-- Records shown follows --

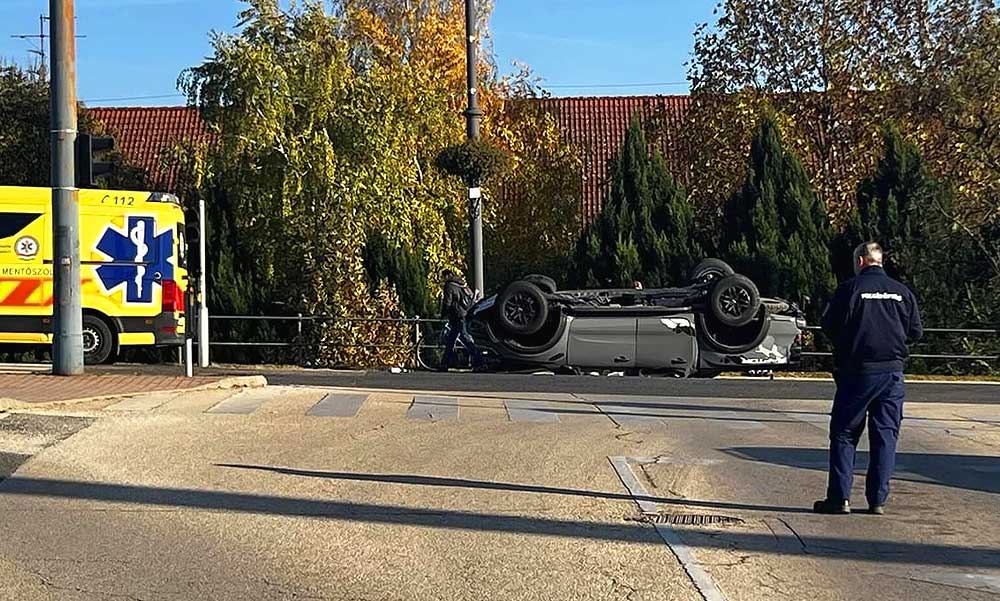 „Váratlan halála mindannyiunkat mélyen megrázott” – egész Komárom gyászolja a tanítónőt, akinek autójába az egyik polgármester fia rohant bele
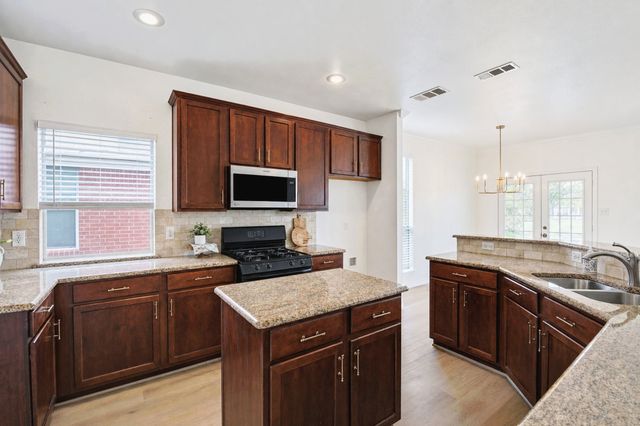 11533 Gloriosa Drive, Fort Worth, TX 76244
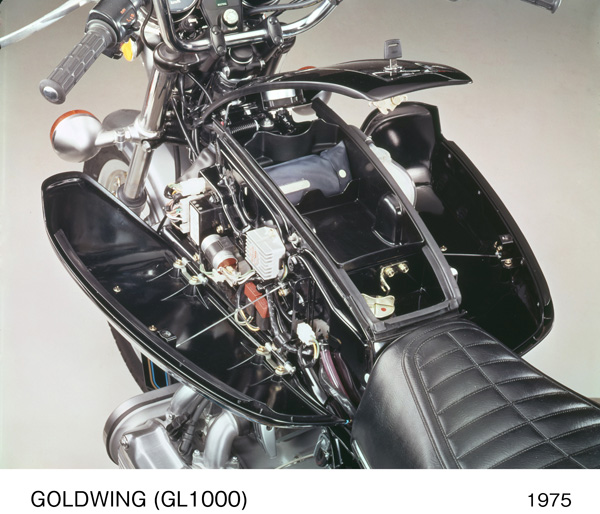 ゴールドウイング (GL1000) 1975年 ダミータンク内部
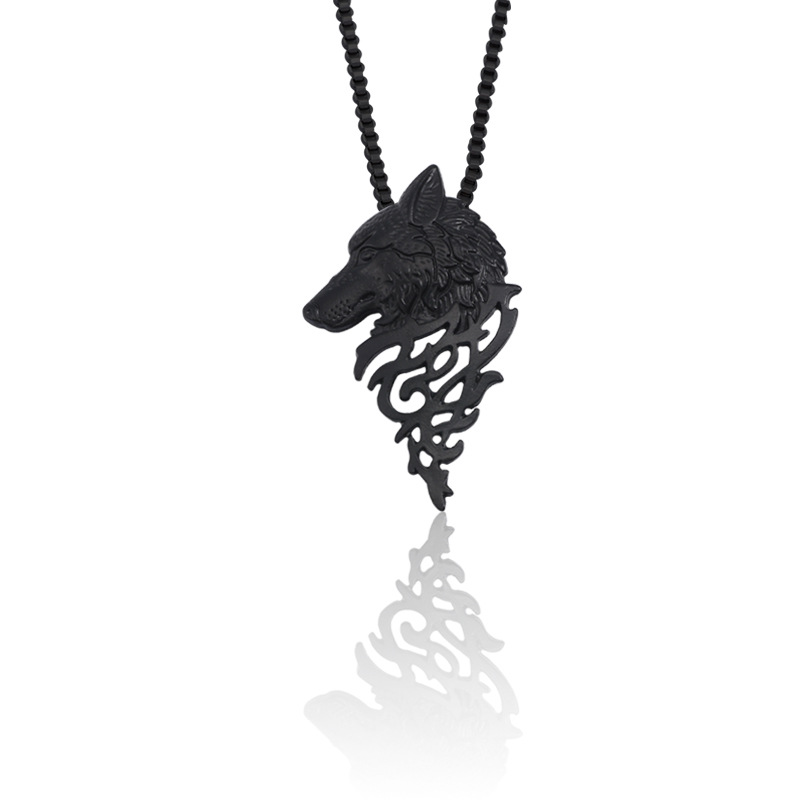 Domineering wolf head necklace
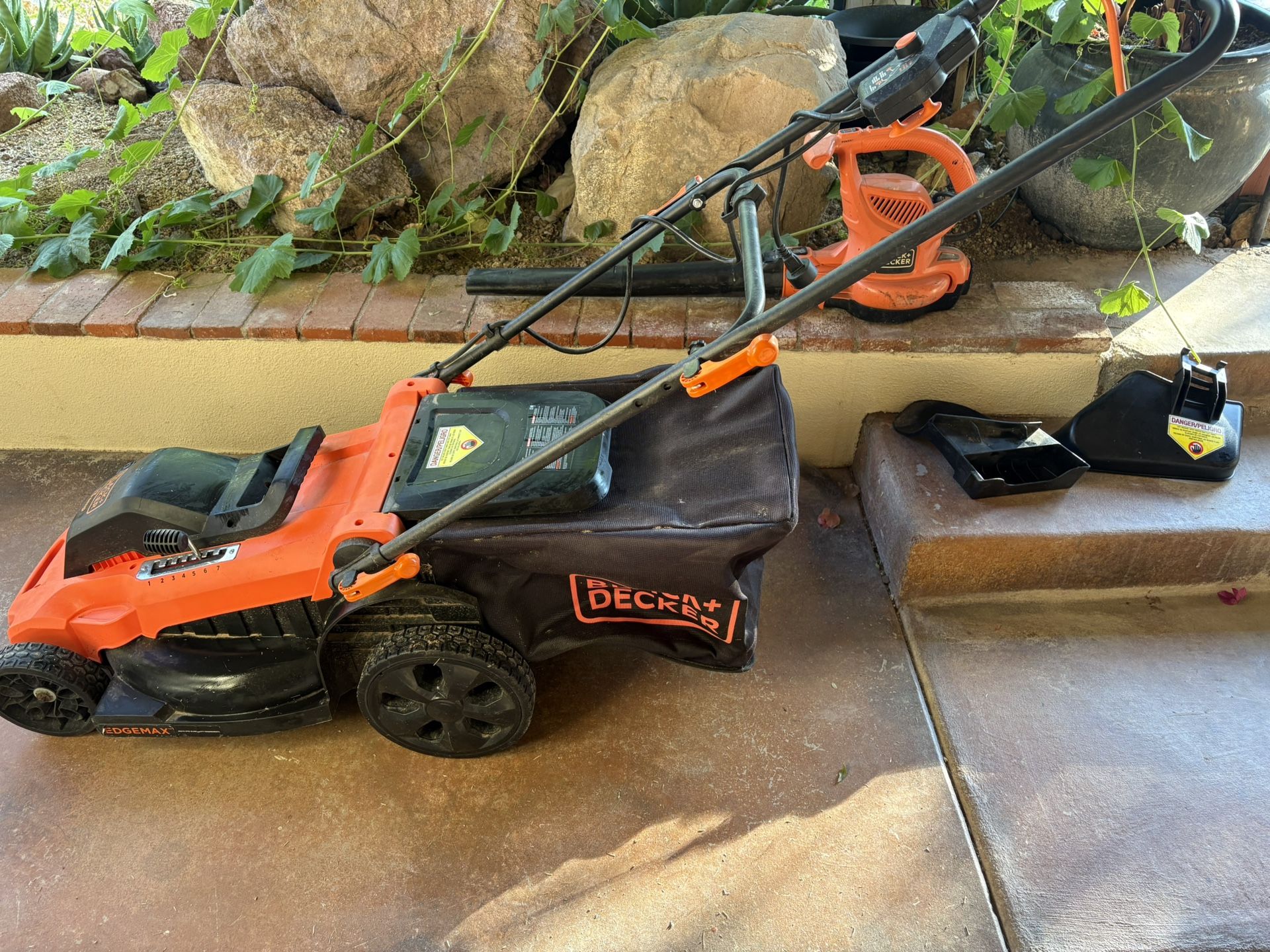 Black And Decker Plug In Mower And Leaf Blower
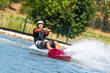 Mann auf Wakeboard strengt sich an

-- Records shown concluded --

[What to work on] Every line above must appear in the answer unchanged, and no picture may appear in it.

[Answer to this task]
 „Váratlan halála mindannyiunkat mélyen megrázott” – egész Komárom gyászolja a tanítónőt, akinek autójába az egyik polgármester fia rohant bele
 11533 Gloriosa Drive, Fort Worth, TX 76244
 ゴールドウイング (GL1000) 1975年 ダミータンク内部
 Domineering wolf head necklace
 Black And Decker Plug In Mower And Leaf Blower
 Mann auf Wakeboard strengt sich an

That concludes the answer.